Biraz daha yakın zamanlara doğru gelelim. 80’li yılların sonu 90’ların başında memlekette işçi ücretlerinden başka her şeye zam üstüne zam geliyor. Yani yeni adıyla güncelleme. İşçiler yine geçim derdi içerisinde. Akşamları televizyonda komedi programları oluyor. Bunların çoğunda bu zam meselesi ve geçim sıkıntısı işleniyor. Bu tiyatroculardan biri olan Nejat Uygur, her oyununun bir yerinde üstünde kocaman zam yazan bir kazık çıkarır ve “bu da bize Özal’ın armağanı” derdi. İster güncelleme de ister zam, sonuçta kazık işte!
Yine aynı dönemlerin ve hâlâ izlenen filmlerinden biri Kemal Sunal’ın oynadığı Orta Direk Şaban filmidir. O dönemlerde ve her izlendiğinde biz işçilerin halini anlatan bir filmdir. Elbette komedi olduğu için bazı şeyler abartılmıştı ama “zam her şeye zam, zama zam” sözleri bugün yaşadıklarımızı anlatır. Buna günümüzde elektrik, doğalgaz, benzin gibi birçok şey örnek olabilir. Zam üstüne yapılan zamlar bizi de bayıltma noktasına getiriyor bazen.

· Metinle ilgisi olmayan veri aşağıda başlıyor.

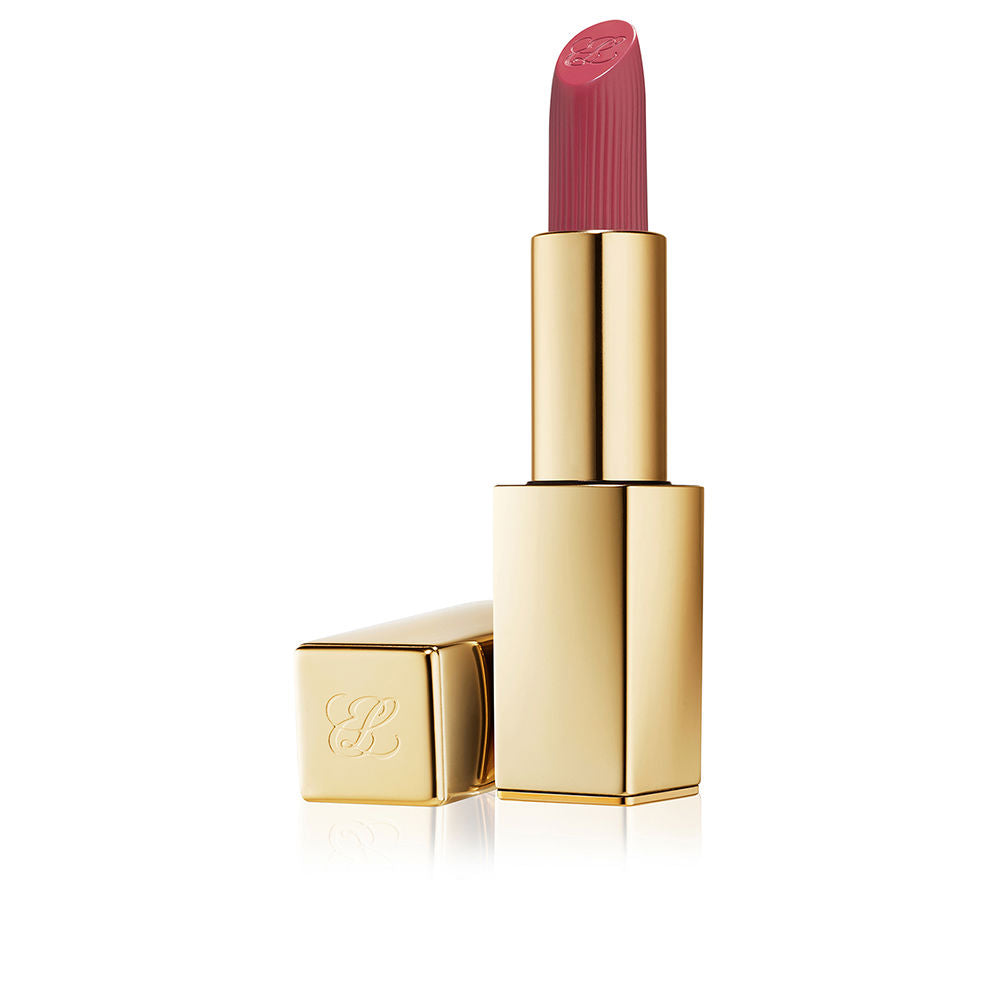 Estée Lauder Batom pure color fosco #rosa rebelde 3,5 gr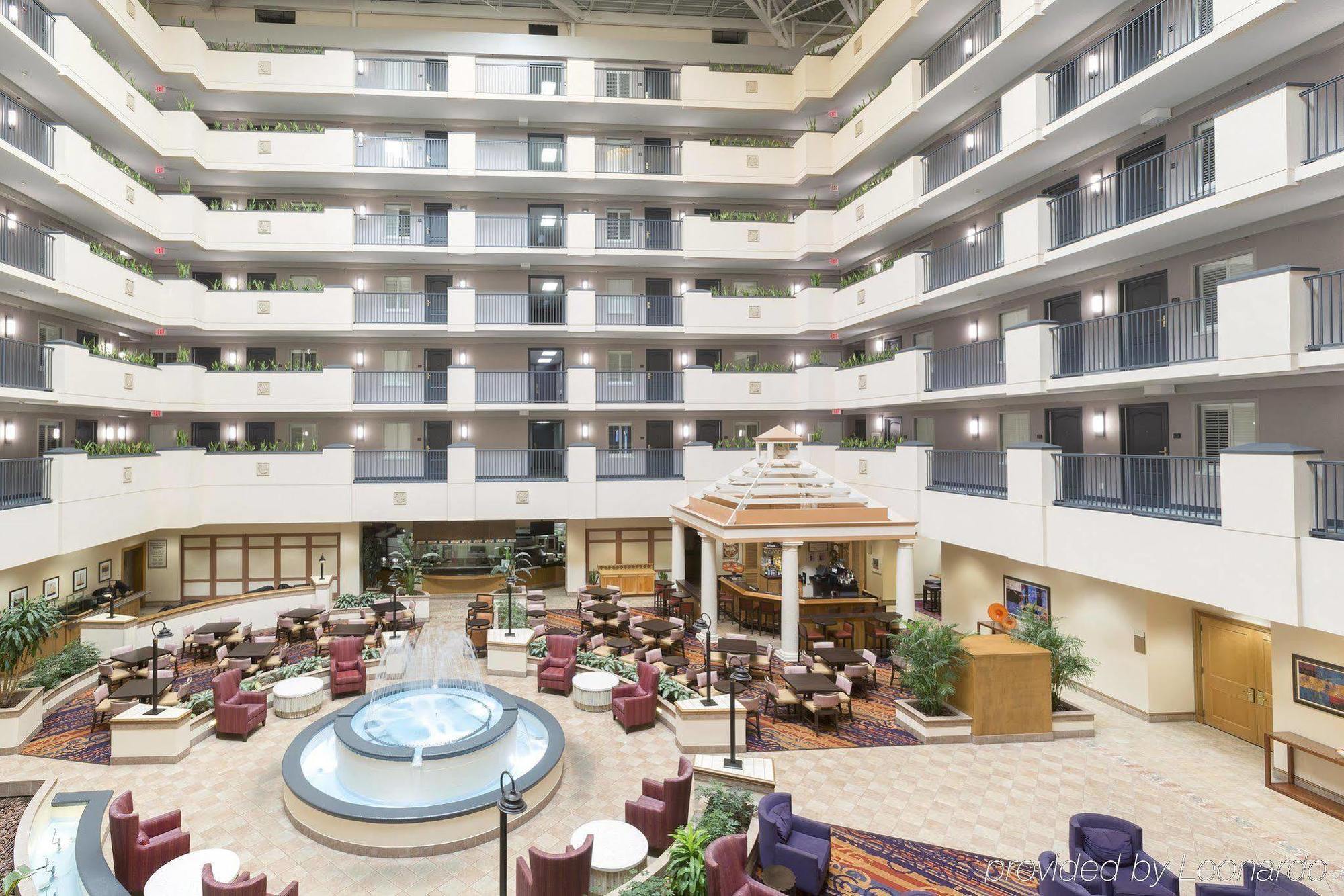Embassy By Hilton Airport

Biz işçilerin zamlar yüzünden yaşadıklarımızın sonu gelmez. Bizleri memnun eden tek zam ücretlerimize yapılan zamdır. O zam da çoğu zaman dişimizin kovuğuna yetmez. Ücretlerimizi arttırmak için mücadele ederiz, bazen de istediğimizi alırız ama bu aldığımız zam da zamanla erir gider. Kardeşler aka kara, karaya ise ak dendiği günlerden geçiyoruz. Hafızamıza bu kadar yer etmiş 40 yıllık ZAM oldu GÜNCELLEME, tabi yerseniz. Adına ne derlerse desinler biz yaşayarak bunun bal gibi de zam olduğunu biliyoruz. Zenginliklerine zenginlik katmaya devam edenler, krizin faturasını bize zamlarla, vergilerle ödetmeye çalışıyorlar. Ama artık yetti! Sisteminiz kapitalizmden de, krizinizden de, zamlarınızdan da gına geldi. Patronların sistemlerinin yıkıldığı ve dünyanın gerçek sahipleri olan, her şeyi üreten işçilerin yönettiği bir dünya hasretiyle mücadeleye devam ediyoruz.

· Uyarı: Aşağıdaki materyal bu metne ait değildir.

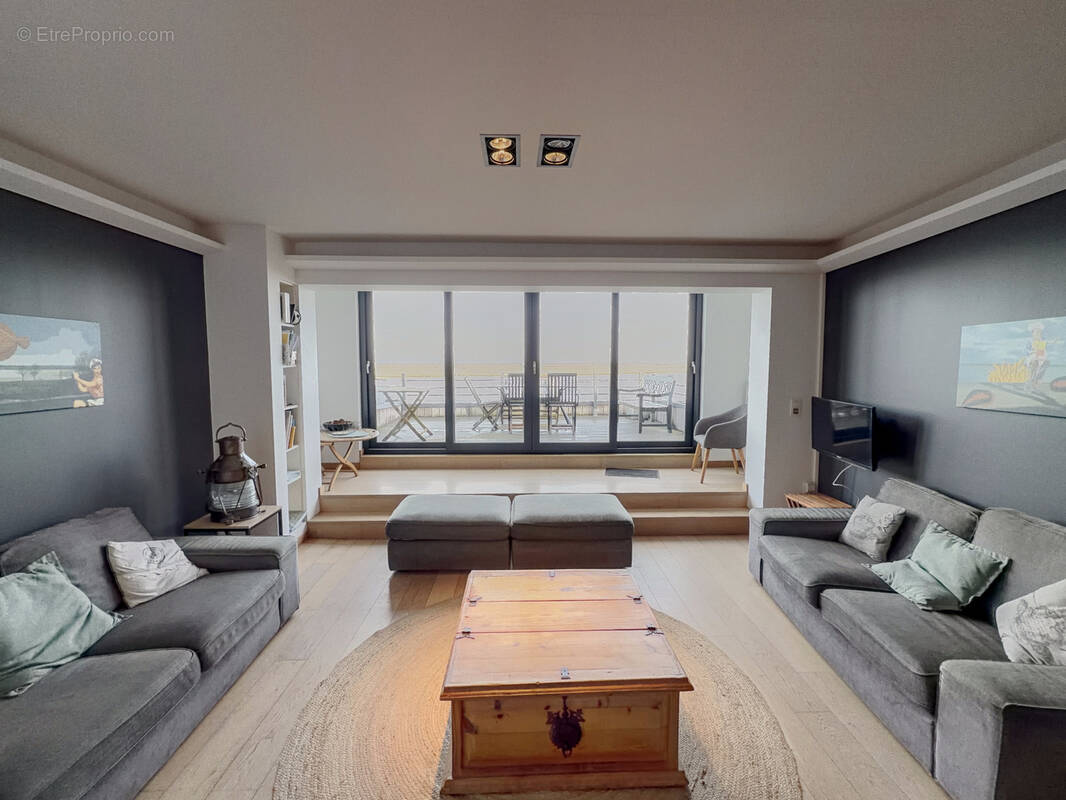 Appartement à SAINT-VALERY-SUR-SOMME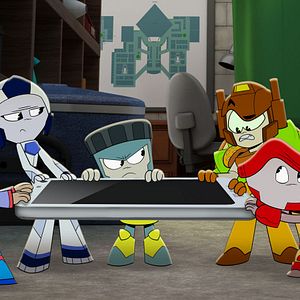 Foto Transformers: BotBots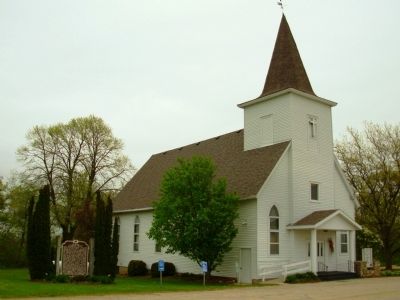Primrose Lutheran Church image. Click for full size.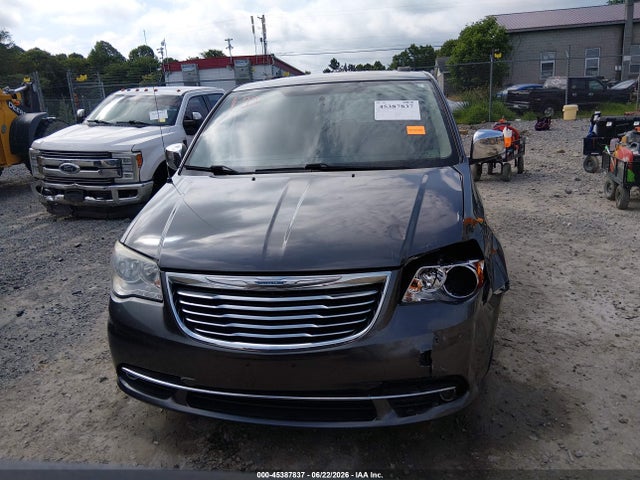 Aukcja sprzedaży 2014 Chrysler Town & Country Touring-l 30th Anniversary, vin: 2C4RC1CG7ER469581, numer aukcji: 45387837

- Ekonomik Sorunların Kaynağı Bulundu: İşçi ve Emekçiler!
- Vergiler Patronlardan Kesilsin!
- Soğanı Bile Lüks Hale Getiren Bu Rejim Gitmeli!

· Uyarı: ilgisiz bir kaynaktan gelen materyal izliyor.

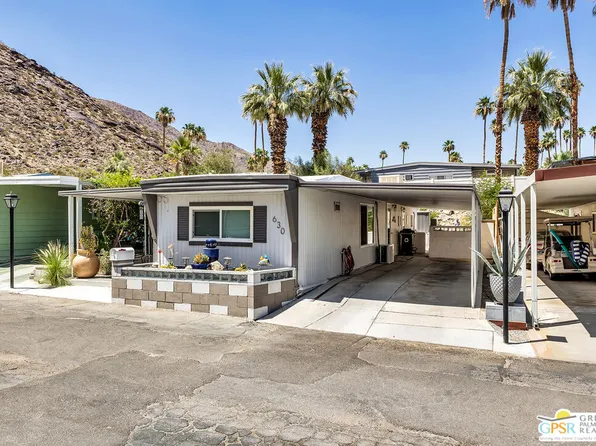 630 Cameo Dr, Palm Springs, CA 92264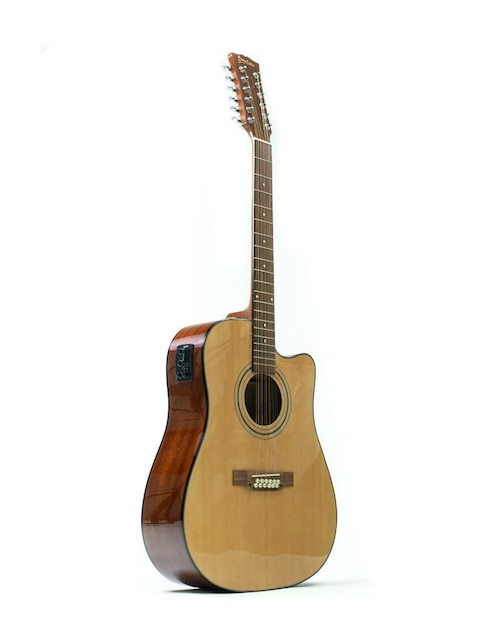 Guitarra Electroacústica Deviser L-12X50KL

- Bakandan Dâhiyane Buluş: Kış Tatili!
- Bizim Yoksulluğumuz, Onların Yalanları Büyüyor
- Nasıl Küçüldük, Kimi Büyüttük?
- Bir İşçi Çocuğunun Gözünden Hayat Pahalılığı
- “2023’ü Beklerken” Neler Oldu?
- Zamlardan Haberi Olmayanlar da Var!
- Enflasyonu Asgari Ücret Zammı mı Arttırıyor?
- Büyüdüğümüzü Hissedebiliyor musunuz?
- Evsiz Kalmak mı Mücadele Etmek mi?
- Ekmeğimizi Büyütmek İçin!
- Haklı Olan Biziz!
- İktidarın Enflasyon Masalı
- Yağa Neden Zincir Vuruluyor?
- Yüksek Elektrik Faturalarına Tepkiler Sokaklara Taştı
- İşten Çıkarma Yasağı Sona Erdi, Saldırılar Başladı!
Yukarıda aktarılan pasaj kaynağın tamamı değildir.